━━ INFORMATION GIVEN

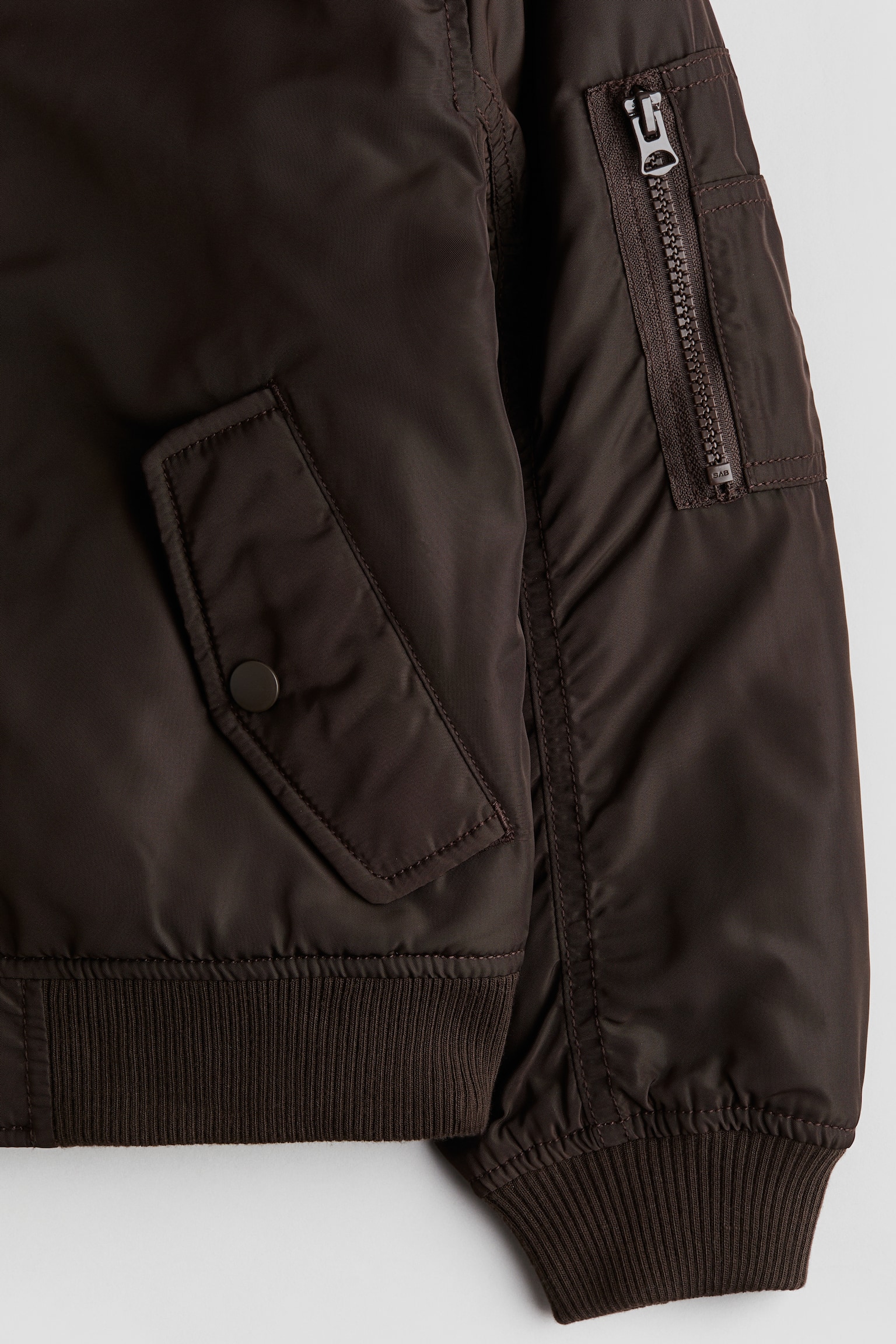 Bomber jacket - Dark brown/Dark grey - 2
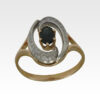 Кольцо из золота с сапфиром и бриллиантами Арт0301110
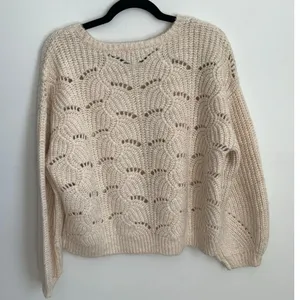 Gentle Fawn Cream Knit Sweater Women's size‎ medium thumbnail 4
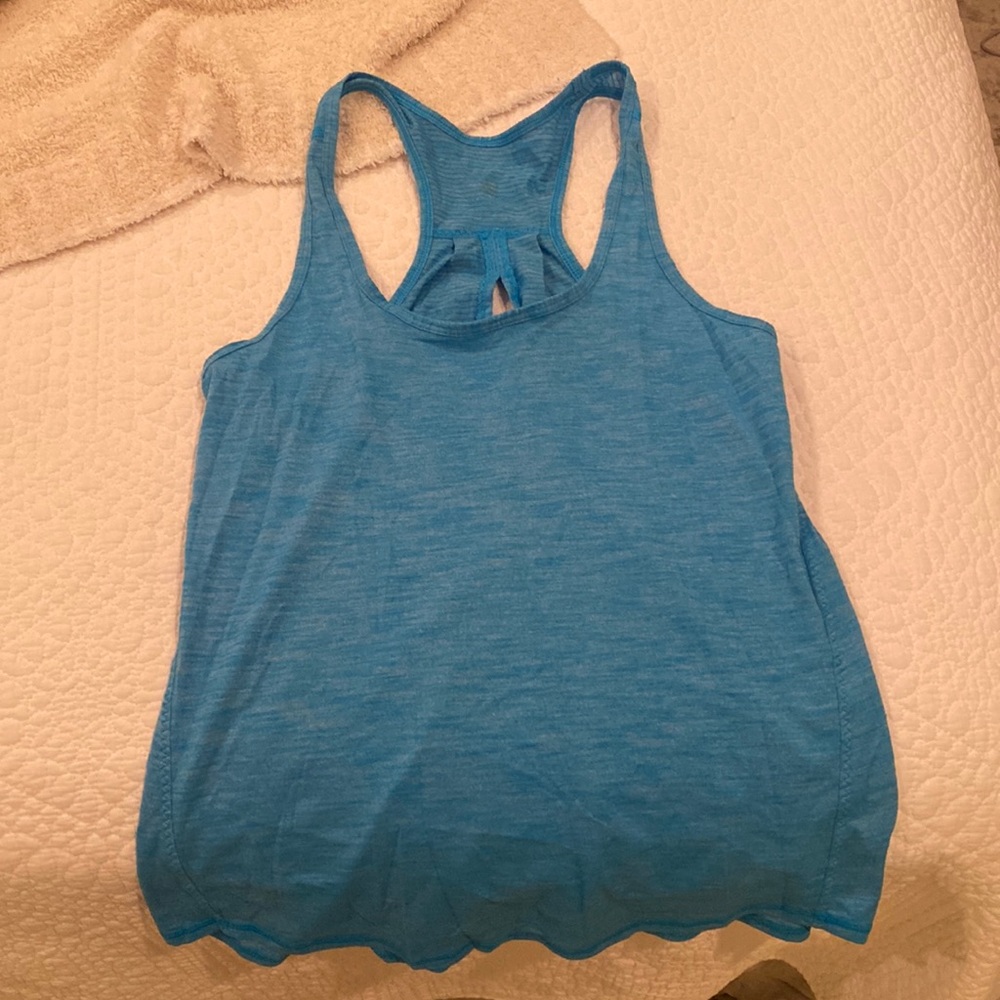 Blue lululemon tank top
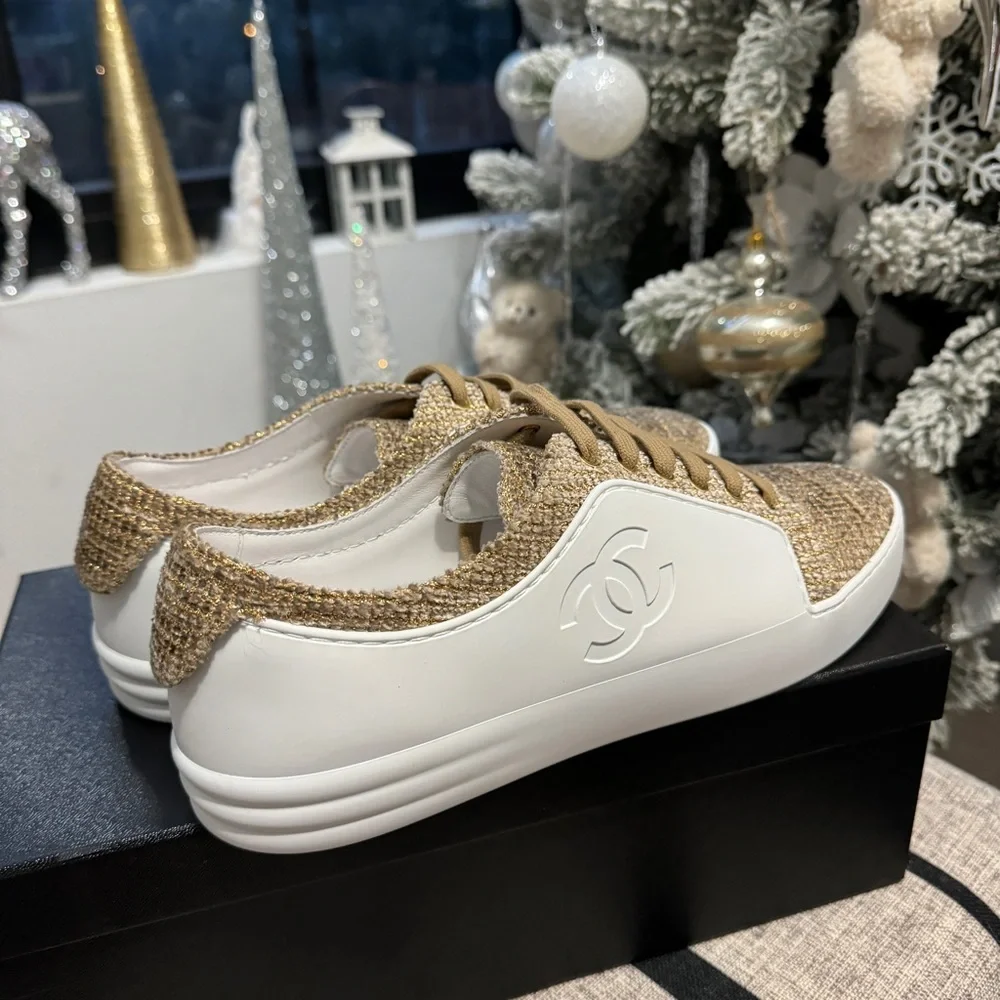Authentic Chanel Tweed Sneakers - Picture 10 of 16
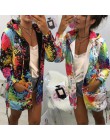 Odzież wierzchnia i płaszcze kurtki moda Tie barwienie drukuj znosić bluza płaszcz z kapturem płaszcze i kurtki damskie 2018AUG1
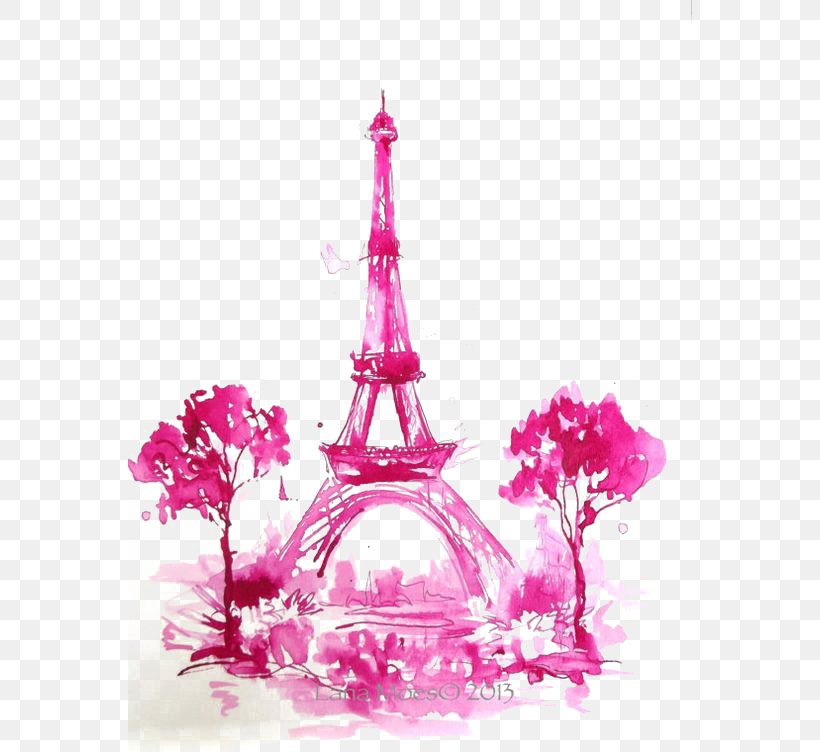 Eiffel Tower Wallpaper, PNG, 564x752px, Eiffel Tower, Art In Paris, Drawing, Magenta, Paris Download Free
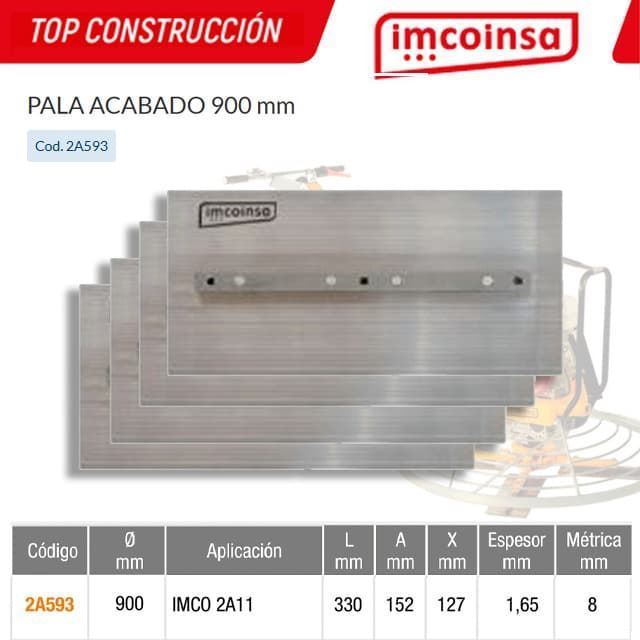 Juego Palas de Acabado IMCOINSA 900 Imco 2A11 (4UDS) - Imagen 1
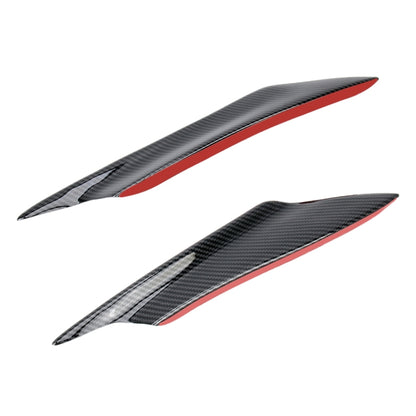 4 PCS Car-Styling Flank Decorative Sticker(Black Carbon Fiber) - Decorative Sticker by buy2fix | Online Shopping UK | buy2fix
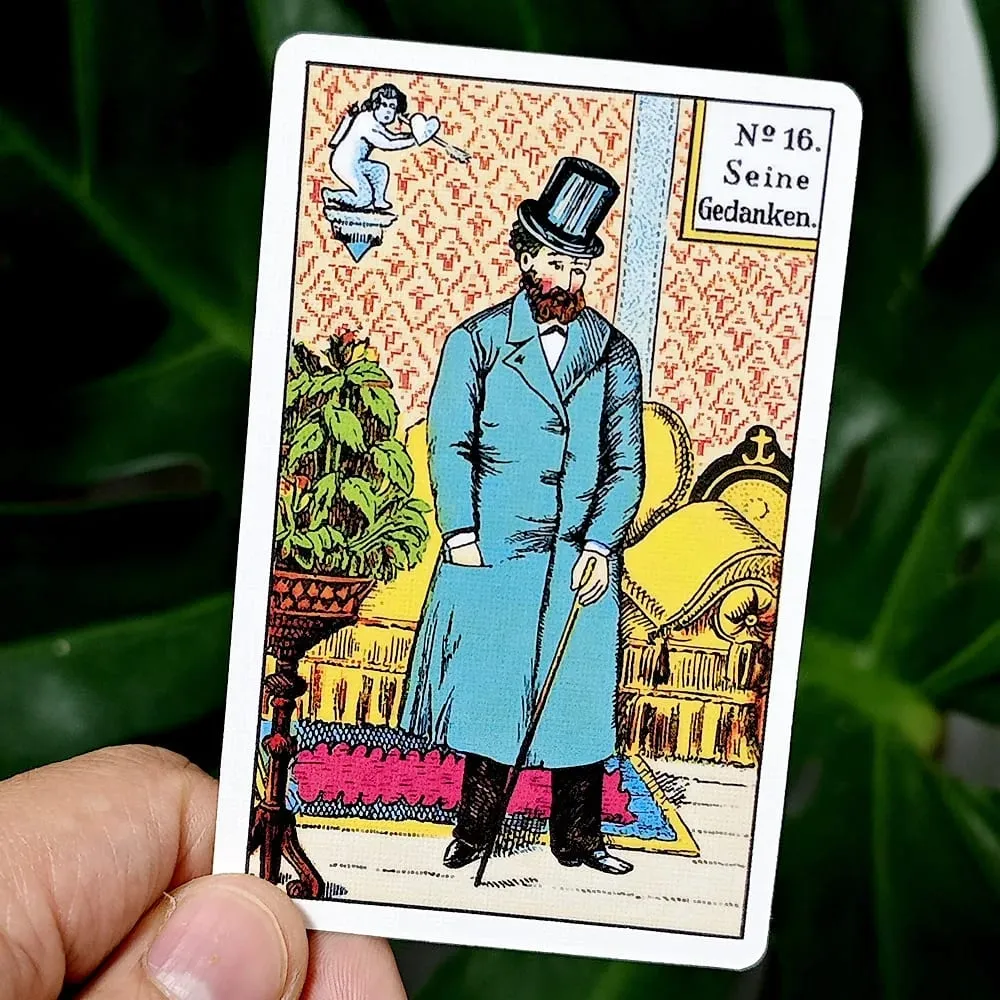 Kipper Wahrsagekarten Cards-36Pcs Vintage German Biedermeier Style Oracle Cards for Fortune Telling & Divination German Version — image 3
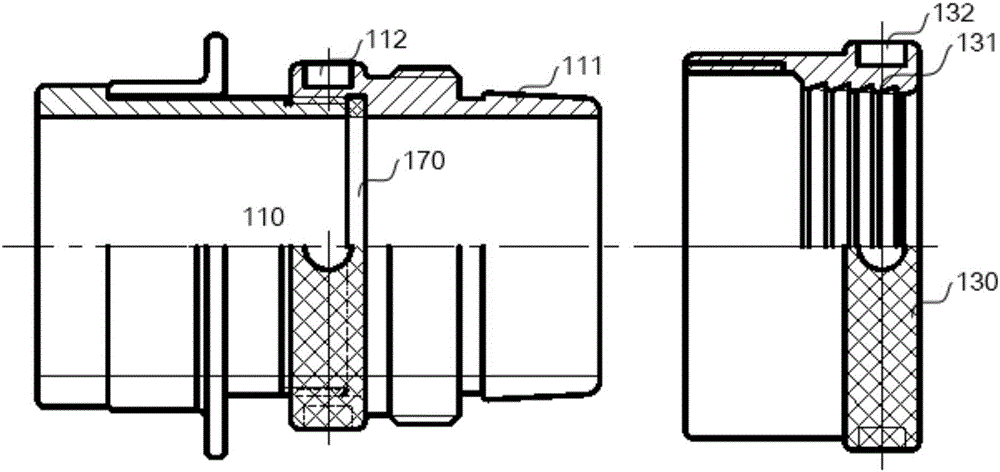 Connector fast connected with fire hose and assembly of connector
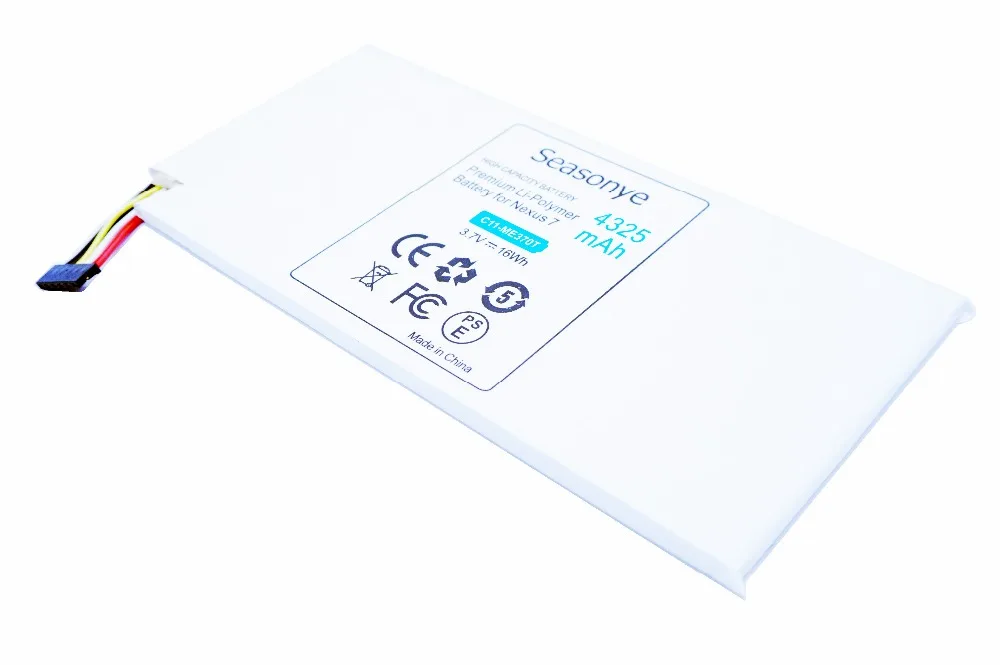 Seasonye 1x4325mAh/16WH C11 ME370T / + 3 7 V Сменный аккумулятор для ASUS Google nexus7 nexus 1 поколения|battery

━━━━

EXERCISE DIRECTIONS.
The lines to be transcribed are those from the first line of the data above through the line holding "4 PCS Car-Styling", inclusive; copy them exactly and only, leaving out the pictures.

ANSWER FOR THIS EXERCISE.
 Bomber jacket - Dark brown/Dark grey - 2
 Кольцо из золота с сапфиром и бриллиантами Арт0301110
 Gentle Fawn Cream Knit Sweater Women's size‎ medium thumbnail 4
 Blue lululemon tank top
Authentic Chanel Tweed Sneakers - Picture 10 of 16
 Odzież wierzchnia i płaszcze kurtki moda Tie barwienie drukuj znosić bluza płaszcz z kapturem płaszcze i kurtki damskie 2018AUG1
 Eiffel Tower Wallpaper, PNG, 564x752px, Eiffel Tower, Art In Paris, Drawing, Magenta, Paris Download Free
 Juego Palas de Acabado IMCOINSA 900 Imco 2A11 (4UDS) - Imagen 1
 4 PCS Car-Styling Flank Decorative Sticker(Black Carbon Fiber) - Decorative Sticker by buy2fix | Online Shopping UK | buy2fix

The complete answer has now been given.